This September 3rd, Leroy Hulsey Ph.D., P. E., S.E. (Chair of the Civil and Environmental Engineering Dept.) and his team at the University of Alaska Fairbanks (UAF), will be delivering the final conclusions of their four year study on the collapse of the 47-story World Trade Center Building 7 (WTC7), funded by the 3,000+ members of AE911Truth. The building (which fell at 5:20 P.M. on September 11, 2001) was a steel-frame office building located north of Vesey Street in the World Trade Center Complex in New York City’s Financial District.
The National Institute of Standards and Technology (NIST) released its final report on WTC 7 in 2008, finding that the fires that were ignited by falling debris from WTC 1 caused the collapse of WTC 7. This UAF building failure analysis has concluded that fire could not bring down this building, yet the entire inner core of this building failed nearly simultaneously. The presentation will be live streamed and then fully available on this UAF site. Hulsey is also presenting the study two days later at the UC Berkeley faculty club on September 5. The draft report will be published that same week on the UAF site (as well as at AE911Truth.org) and will be open for public comment (peer review) for a two-month period ending November 1, 2019.
As I’ve shared in previous in depth blogs on this site in 2018 and 2017, sadly, the WTC 7 story is just an introduction to the deeper troubling news concerning the Official Theory for the collapse of Towers WTC 1 & 2, a collapse scenario fully challenged by Newton’s laws of gravity, as outlined in this 7 minute video. This work is also the ongoing focus of a group of Engineers at AE911Truth engaged in addressing the Due Diligence related to those Twin Towers. The extensive research is also covered in the book Beyond Misinformation, and movie Experts Speak Out, the groundbreaking film with testimony from 43 experts in high rise architecture, structural engineering, metallurgy, other scientists, physicists and explosive experts.
This summer, the commissioners from the Franklin Square and Munson Fire District, which oversees a volunteer fire department serving 30,000 residents outside of Queens, New York, unanimously passed a resolution supporting a new investigation into the events of September 11, 2001. In so doing they became the first legislative body in the country to do so. I recommend listening to this inspiring interview with lead commissioner Christopher Gioia who worked at the World Trade Center site in the weeks after 9/11.

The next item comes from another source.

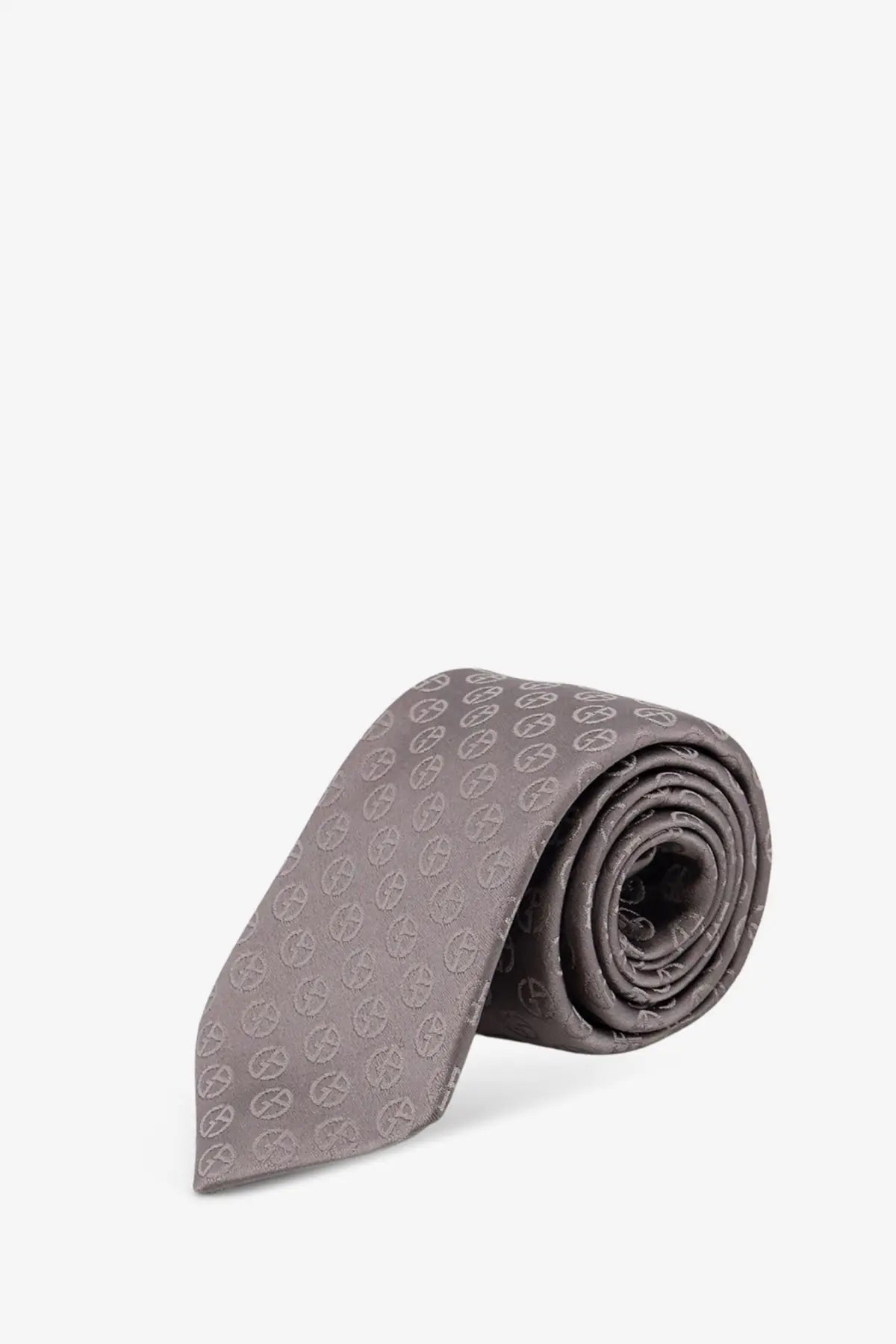 Giorgio Armani men’s grey silk tie with a sleek charcoal base and a subtle silver peace symbol pattern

Here is some of what Gioia had to share:
I started telling people about the U.S. Attorney for the Southern District of New York …. petition to get a grand jury investigation going.” … organized by the Lawyers Committee for 9/11 Inquiry. Being a fireman, and being a firefighter...after 18 years, I’m still looking for justice for my friends, because I know that there are people out there who need to be held to account.
You know it's a brotherhood, and we've been trained that when you fight the fire, you go in. You don't go in alone. You go in with your brother or your sister. You go in together, and if something happens, you come out together. We're not leaving our brothers ... these people behind. These were Americans. These were firefighters, cops, EMS, and they were just ordinary people who went about their business that day. We're not leaving them behind. We're not forgetting about them. They deserve justice, and we're going to see that justice is done.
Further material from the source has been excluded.